(WORK TO BE COMPLETED)
Each record below must come back exactly as written; its pictures must not.

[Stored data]
════════════════════

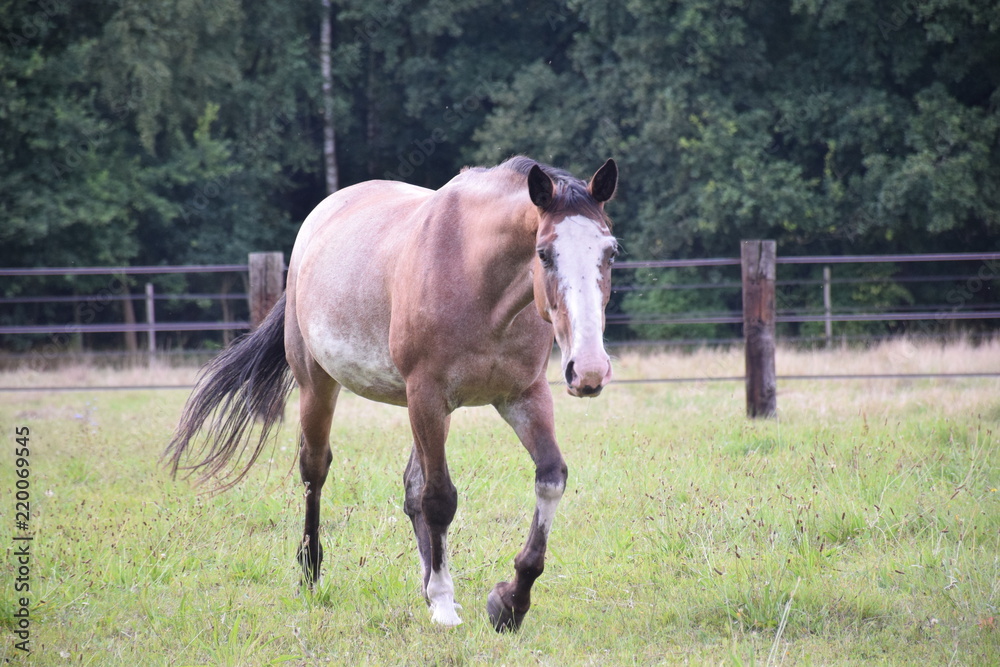Obraz premium horse walking in field
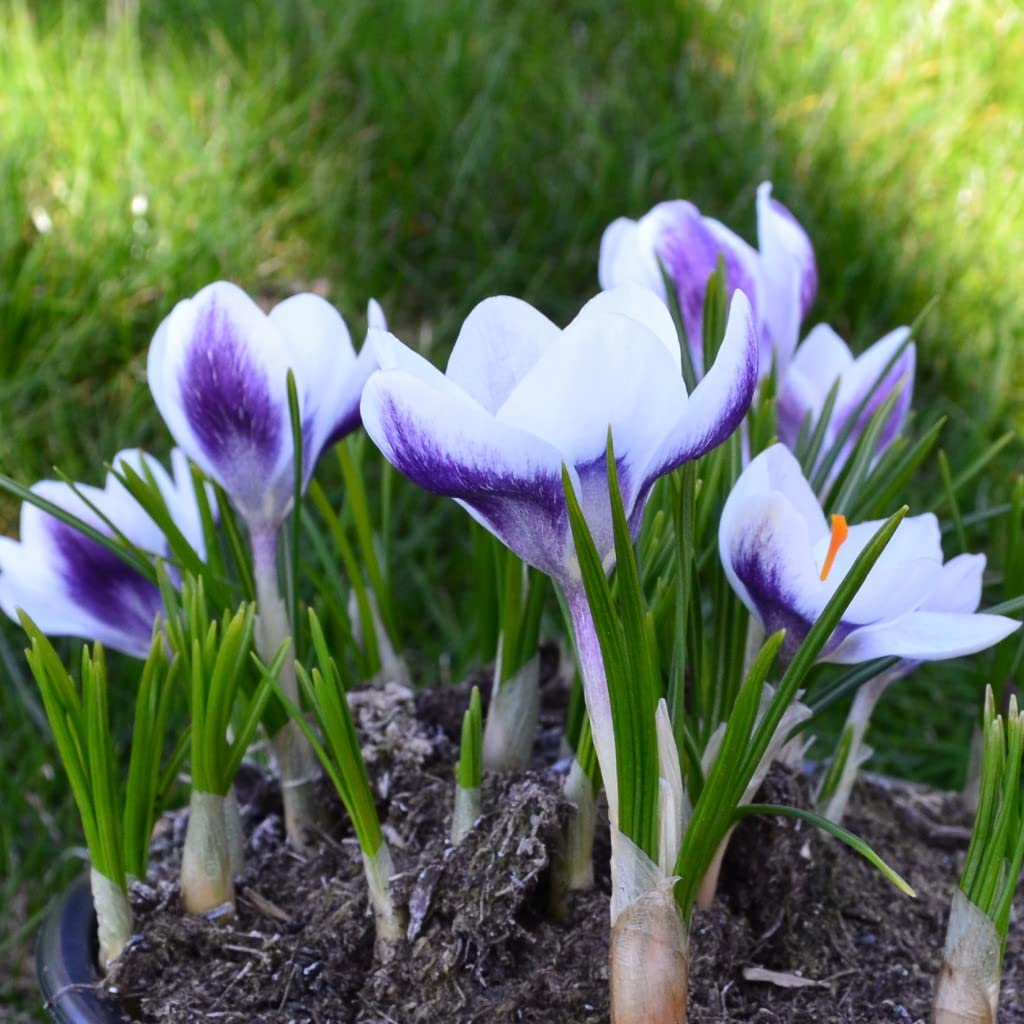 Blumenzwiebeln Krokuszwiebeln Crocus Botanische chrysanthus Ladykiller (50 Zwiebeln)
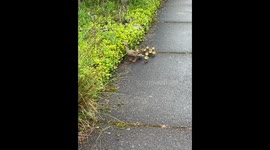 Mama Duck Takes Her Ducklings Into the Bushes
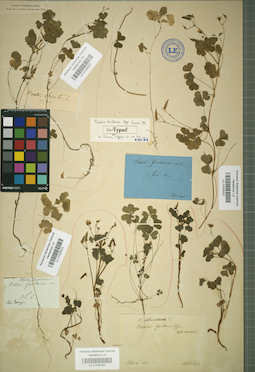 LE 01025022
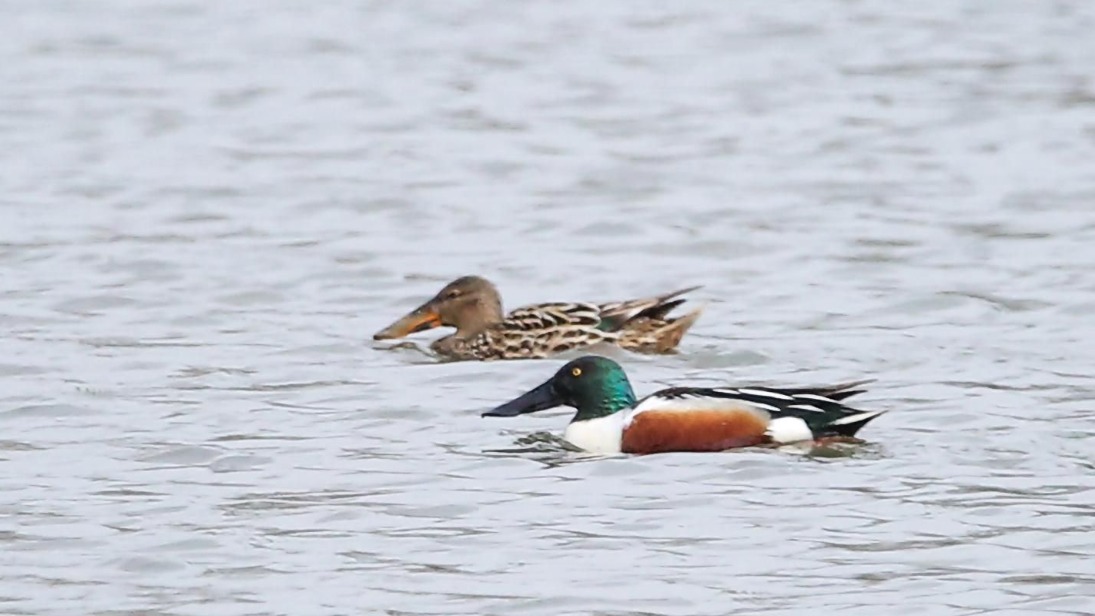 Редкую птицу широконоску заметили в акватории Москвы-реки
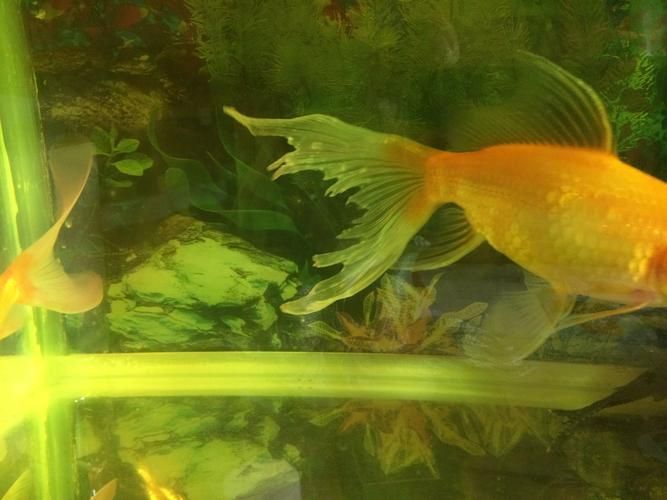 給我一些金魚爛尾巴潰爛的圖片，關(guān)于金魚爛尾巴潰爛的一些建議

════════════════════

(TASK OUTPUT)
Obraz premium horse walking in field
 Blumenzwiebeln Krokuszwiebeln Crocus Botanische chrysanthus Ladykiller (50 Zwiebeln)
 Mama Duck Takes Her Ducklings Into the Bushes
 LE 01025022
 Редкую птицу широконоску заметили в акватории Москвы-реки
 給我一些金魚爛尾巴潰爛的圖片，關(guān)于金魚爛尾巴潰爛的一些建議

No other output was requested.